We present an oracle-efficient relaxation for the adversarial contextual bandits problem, where the contexts are sequentially drawn i.i.d from a known distribution and the cost sequence is chosen by an online adversary. Our algorithm has a regret bound of $O(T^{\frac{2}{3}}(K\log(|\Pi|))^{\frac{1}{3}})$ and makes at most $O(K)$ calls per round to an offline optimization oracle, where $K$ denotes the number of actions, $T$ denotes the number of rounds and $\Pi$ denotes the set of policies. This is the first result to improve the prior best bound of $O((TK)^{\frac{2}{3}}(\log(|\Pi|))^{\frac{1}{3}})$ as obtained by Syrgkanis et al. at NeurIPS 2016, and the first to match the original bound of Langford and Zhang at NeurIPS 2007 which was obtained for the stochastic case.
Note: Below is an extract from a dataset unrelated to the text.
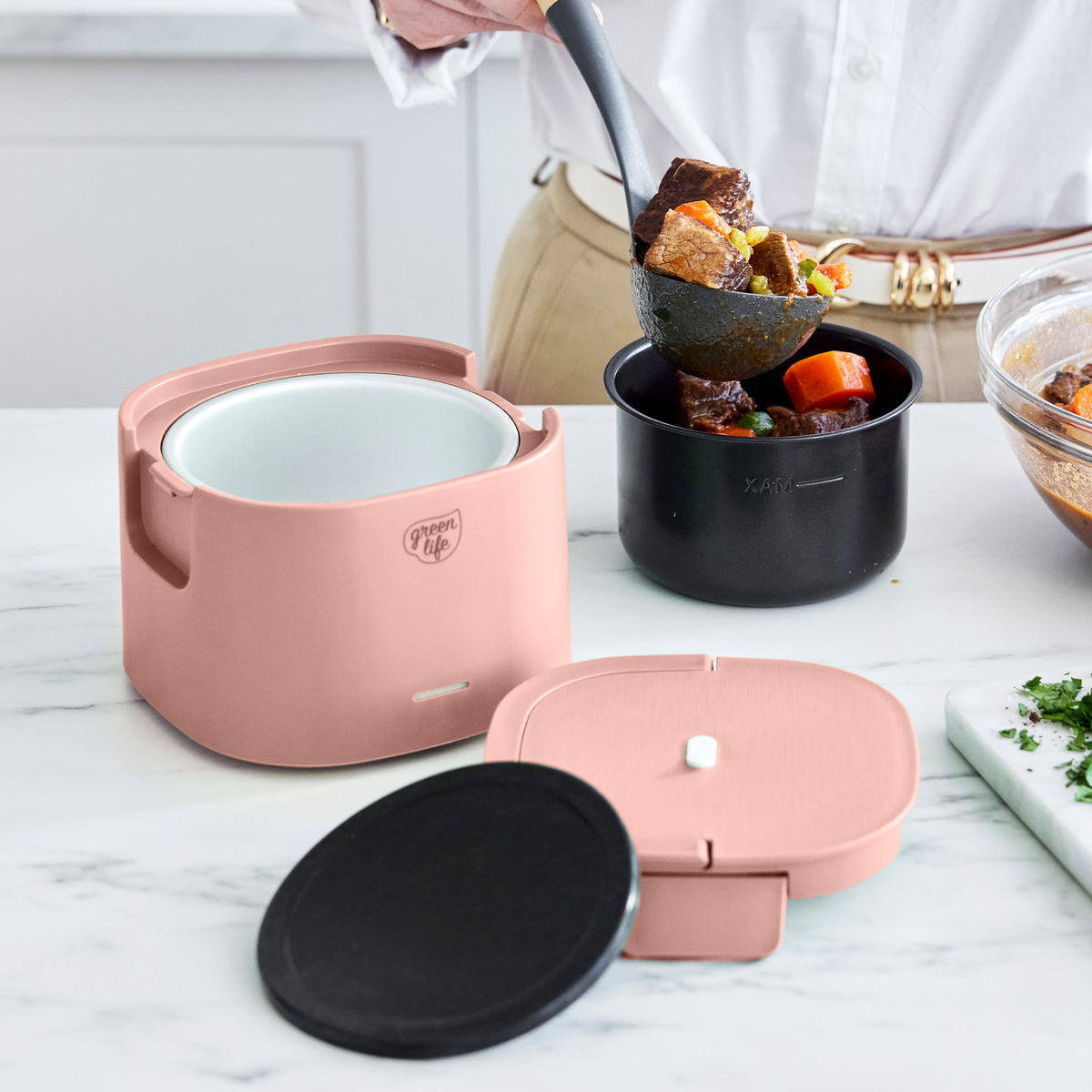 GreenLife Electric Lunch Box - Portable Heating Food Container for Office, Travel & Home | Dusty Rose | Keep Meals Warm On-The-Go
翻译：我们提出了一种针对对抗性上下文赌博机问题的预言机高效松弛方法，其上下文序列独立同分布于已知分布，而代价序列由在线对抗方选择。该算法的遗憾界为 $O(T^{\frac{2}{3}}(K\log(|\Pi|))^{\frac{1}{3}})$，且每轮对离线优化预言机的调用次数不超过 $O(K)$，其中 $K$ 表示动作数，$T$ 表示轮数，$\Pi$ 表示策略集。这是首个将先前 Syrgkanis 等人（NeurIPS 2016）得到的最优界 $O((TK)^{\frac{2}{3}}(\log(|\Pi|))^{\frac{1}{3}})$ 进行改进的结果，同时也是首个匹配 Langford 与 Zhang（NeurIPS 2007）针对随机情形得到的原始界的结果。